Étreindre, prendre dans ses bras, même pour la dernière fois, embrasser, quelles richesses qui nourrissent l’âme, ce mot que nous n’osons plus trop prononcer dans nos paroisses, alors que d’autres en font des forums4.

Se donner corps et âme, se dévouer corps et âme, et si ces expressions un peu désuètes gardaient la trace d’une évidence, parfois oubliée, celle de « l’unité d’un homme »5, de son entièreté ? Les soignants, épuisés, angoissés, désarmés souvent devant le peu de moyens dont ils disposent parfois, où trouvent-il la force de poursuivre leur tâche si essentielle ? Sans doute dans la force du devoir, du don accompli.

Quand nous retrouverons la joie de vivre pleinement, avec les cinq sens, toutes nos relations, ce sera un grand moment de redécouverte, et pour certains un moment de découverte, que le premier lien social est le liant corporel.

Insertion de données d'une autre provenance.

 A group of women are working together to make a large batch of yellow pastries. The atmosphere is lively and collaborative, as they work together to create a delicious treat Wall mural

Pour nous, lecteurs de la Bible, faire corps, trouver une unité à la fois personnelle et plurielle, collective, nous renvoie au célèbre passage de Paul dans la première épître aux Corinthiens6. Je vous laisse relire et méditer ce texte trop connu, trop mal connu, mais je ne peux m’empêcher de penser aux caissières de nos petites, grandes et moyennes surface, dont l’une déclarait « Nous ne sommes rien7. » Faire corps avec elles, pour qu’elles ne restent pas « rien », mais deviennent des être humains grâce aux autres corps. Et si l’esprit de corps était l’une des facettes de l’Esprit-Saint, du Souffle divin ?

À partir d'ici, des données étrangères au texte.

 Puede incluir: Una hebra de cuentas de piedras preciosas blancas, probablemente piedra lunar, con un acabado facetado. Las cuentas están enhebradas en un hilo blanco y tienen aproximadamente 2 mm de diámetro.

Aujourd’hui, le corps de l’autre est perçu comme un vecteur de virus, un porteur de danger, peut-être de mort. La raison biologique est têtue, et vraie. Mais il était des époques où certains embrassaient les lépreux. Certes, il existe différentes sortes de lèpres, certaines non-contagieuses. Il n’est évidemment pas question de répandre le Covid-19, mais si nos appels téléphoniques, nos conversations numériques, nos dialogues électroniques devenaient aussi forts que le geste de François d’Assise ?

Faire corps, le nôtre, dans les actuelles limitations imposées, celui des autres, dans sa présente distance. Devenir un seul corps, par la parole partagée, par la parole tenue, pour retrouver ensuite le goût de l’incarnation, la nôtre, recommencée dans le confinement, puis, demain, avec celle des autres, partagée dans une Cène en une nourriture commune, liant réelle présence spirituelle et goût du pain quotidien, du vin de joie, levains d’unité retrouvée, et à reconstruire.

Cellules biologiques, cellules familiales, parfois cellules de fraternité, parfois cellules de d’enfermement, cellules, souches d’humanité, ecclésioles de liberté.

1 EMR : Élément Militaire de Réanimation
2 https://www.elysee.fr/emmanuel-macron/2020/03/25/a-mulhouse-aux-cotes-des-femmes-et-des-hommes-mobilises-en-premiere-ligne-pour-proteger-les-francais-du-covid-19
3 On pense à la pensée de Pascal : « J’ai dit souvent que tout le malheur des hommes vient d’une seule chose, qui est de ne savoir pas demeurer en repos dans une chambre. » éd. Ph. Sellier 168.
4 cf. Le Forum des médecines de l’âme, 6/7/8 mars à Chambéry (73)
5 Expression tirée du titre des mémoires de Jacques Delors.